Comment 9 Thiago Macieira 2005-11-21 03:40:42 UTC
*** Bug 115684 has been marked as a duplicate of this bug. ***
Comment 10 Thiago Macieira 2005-11-21 03:41:50 UTC
According to bug 104610, the problem with the MySQL backend is solved.

For other backends, I think you should file wishlists with the backend authors to have the set up proper case insensitive lookups.
Comment 11 Thomas Herzog 2005-11-21 15:57:27 UTC
Hm, the "bug solved" on Bug 104610  is from 09/23/2005

I can reproduce the Bug on amaroK 1.3.6 release 1, dating 10/08/2005...
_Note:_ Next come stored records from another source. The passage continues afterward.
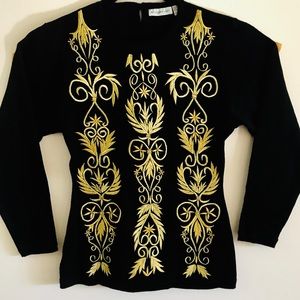 Embroidered Wool Sweater Pullover Size Small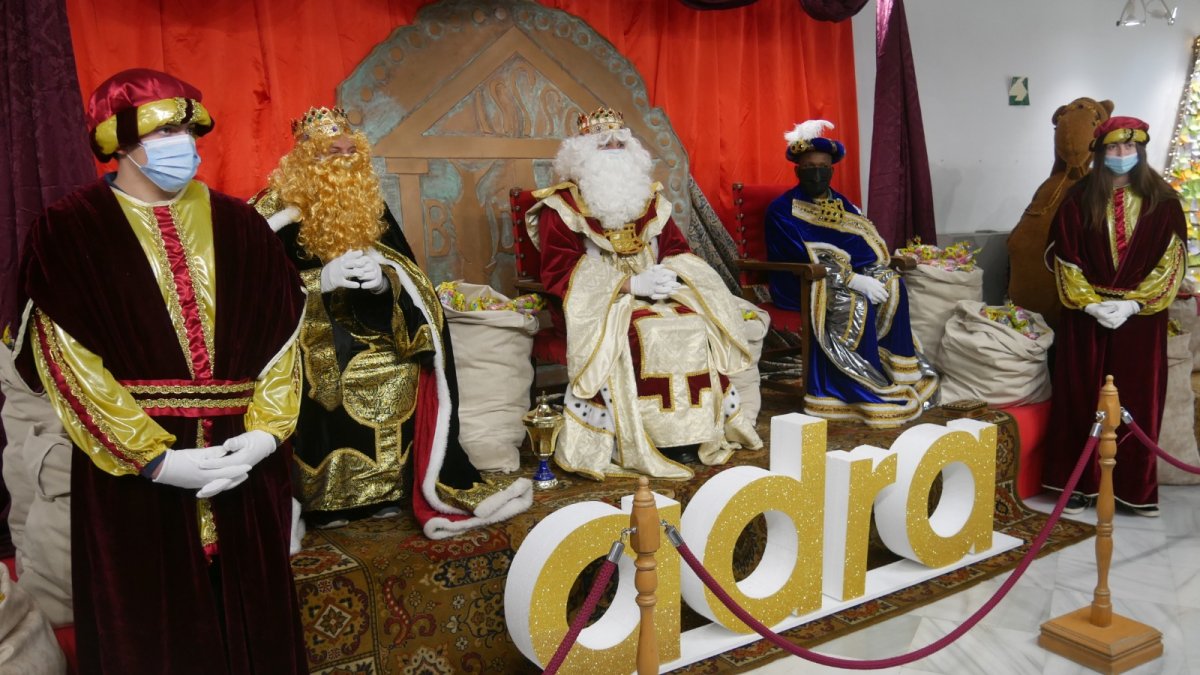 Imagen de la última visita de los Reyes Magos a Adra.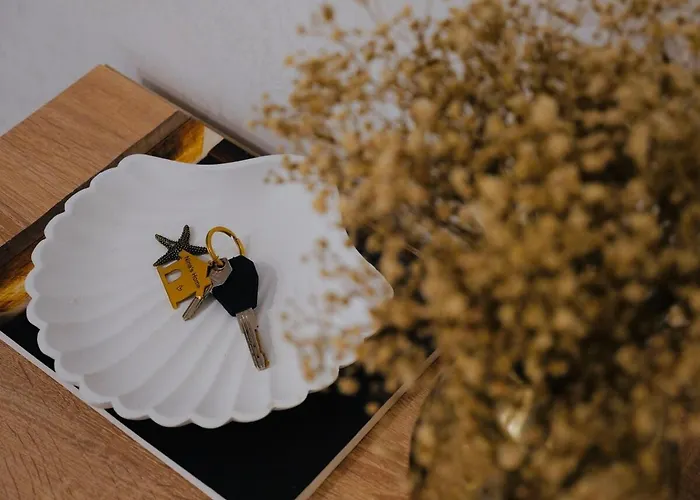 Ninas - Steps From The With Wifi And Air Conditioning Apartment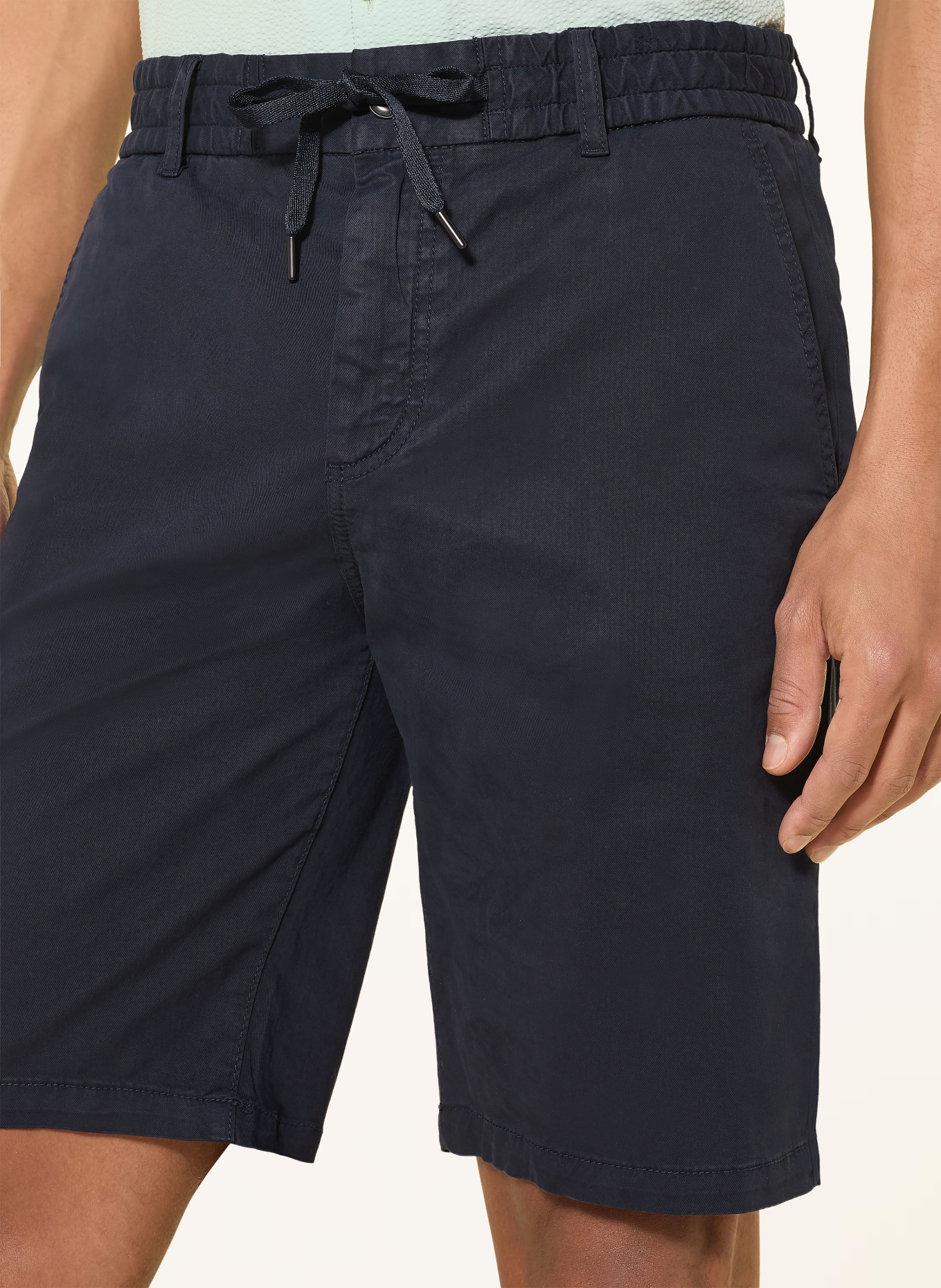 BOSS Chinoshort met taps toelopende pasvorm: DONKERBLAUW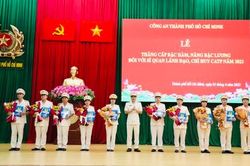 Công an TPHCM trao quyết định thăng cấp bậc hàm, nâng bậc lương cho lãnh đạo, chỉ huy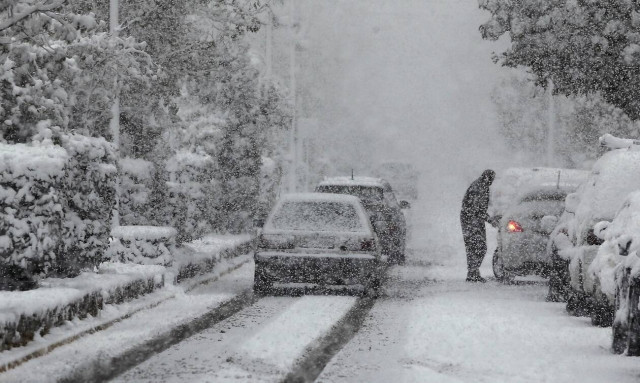 LIVE BLOG: Λεπτό προς λεπτό οι εξελίξεις με την κακοκαιρία «Ελπίς» - Σε κλοιό χιονιά η χώρα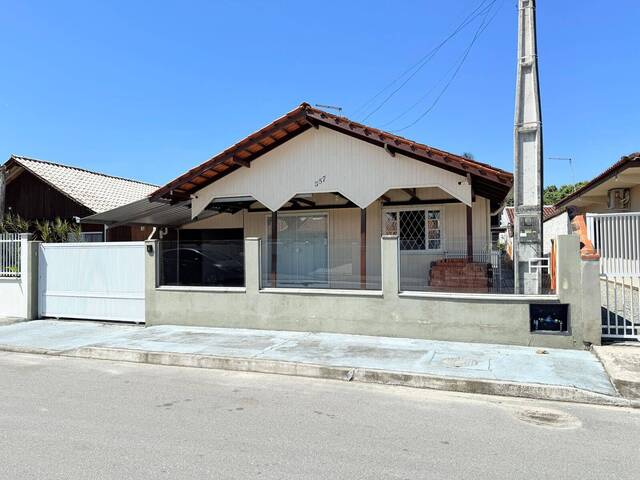 #0335 - Casa para Venda em Balneário Barra do Sul - SC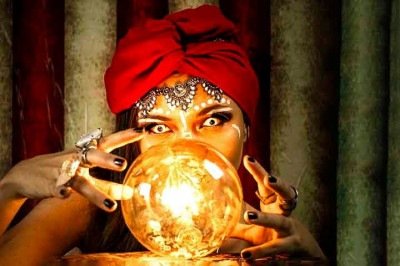 A crença nas bolas de cristal como meio de adivinhação,  conhecida como cristalomancia, tem suas origens em práticas antigas de várias culturas. -  (crédito:  Flickr Prysma Ph)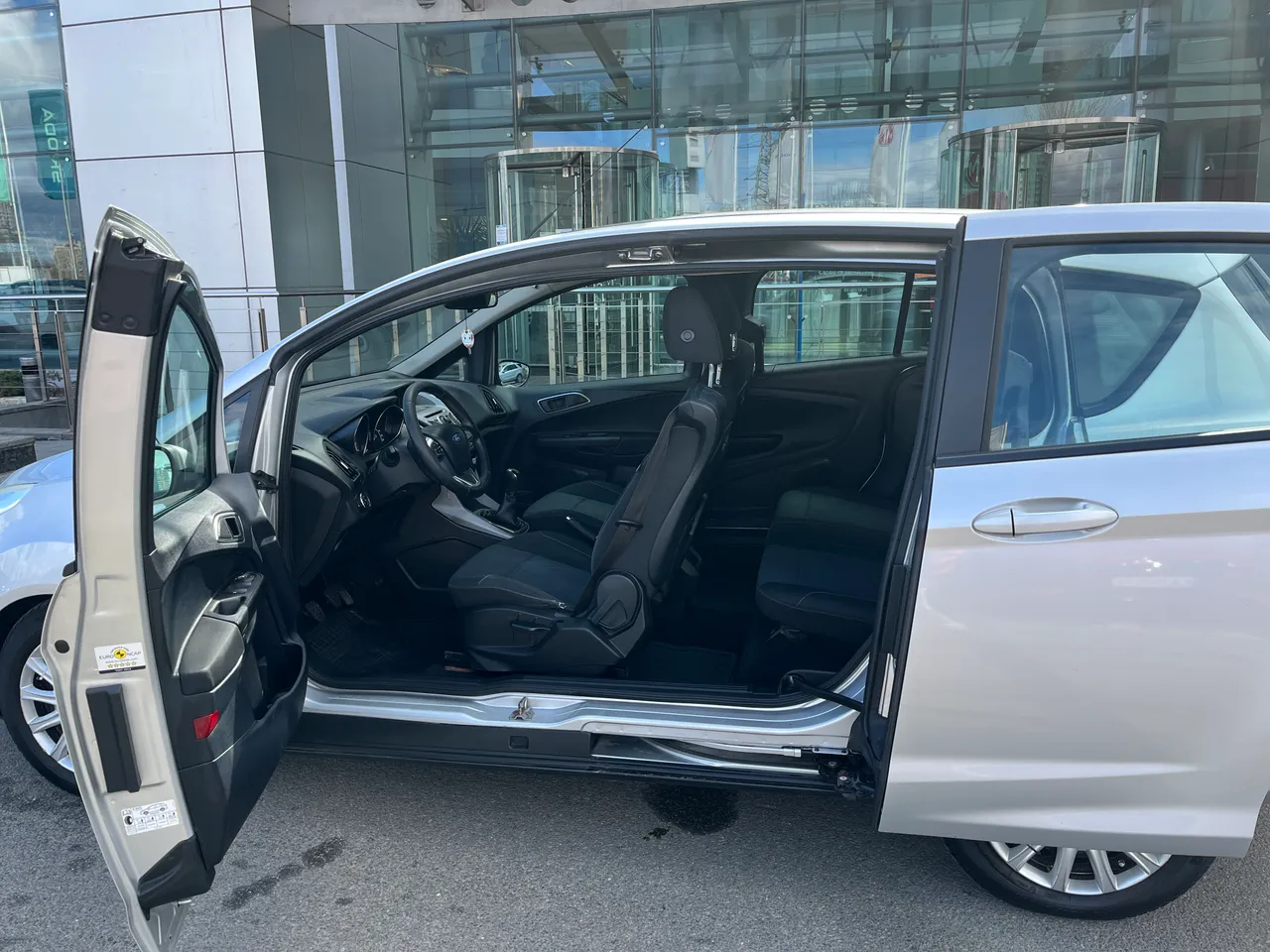 Ford B-MAX - фото 21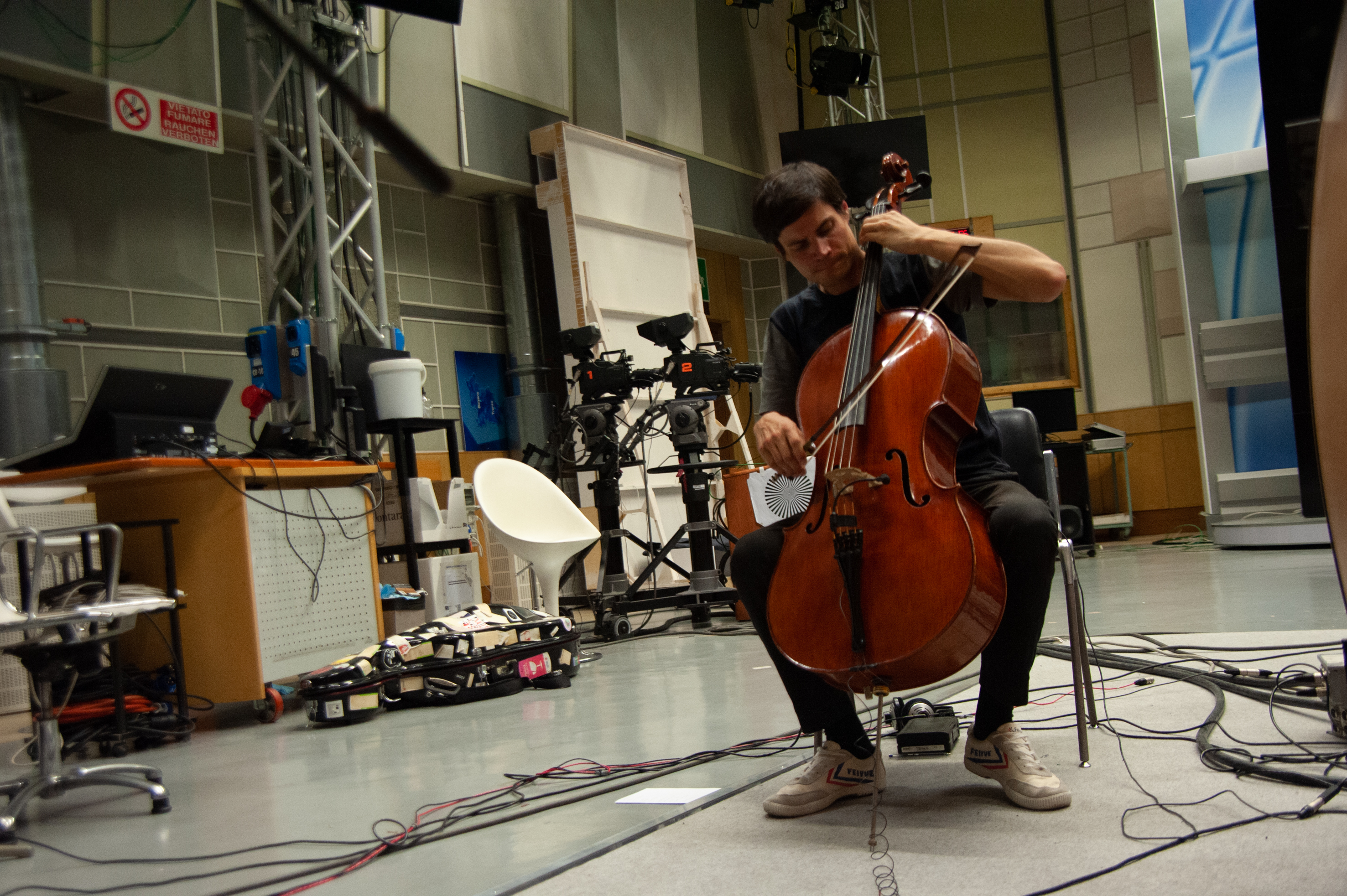 Lukas Lauermann (Cello) - Donauwellenreiter live im Auditorium der RAI Südtirol (24. Juni 2021).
This hardly qualifies as "fixed" ?!?!
Comment 12 Paul Betts 2005-11-21 16:35:48 UTC
This bug still exists using the Sqlite engine, is this a bug with the way AmaroK handles Sqlite, or is Sqlite just broken with regards to this issue?
Comment 13 Jeff Mitchell 2005-12-05 18:06:18 UTC
Unfortunately this is a SQLite issue.  From sqlite.org, and note the section in parentheses marked "a bug":

"The LIKE operator is not case sensitive and will match upper case characters on one side against lower case characters on the other. (A bug: SQLite only understands upper/lower case for 7-bit Latin characters. Hence the LIKE operator is case sensitive for 8-bit iso8859 characters or UTF-8 characters. For example, the expression 'a' LIKE 'A' is TRUE but 'æ' LIKE 'Æ' is FALSE.)."

This means that unless items are stored (incorrectly) as all upper or lowercase in the database, SQLite cannot handle the type of behavior desired and reported in this bug.

If this is fixed in SQLite it can be fixed in amaroK; until then you'll need to use something else (i.e. MySQL) if you want the correct behavior.  Also, you can pester the SQLite guys to fix it.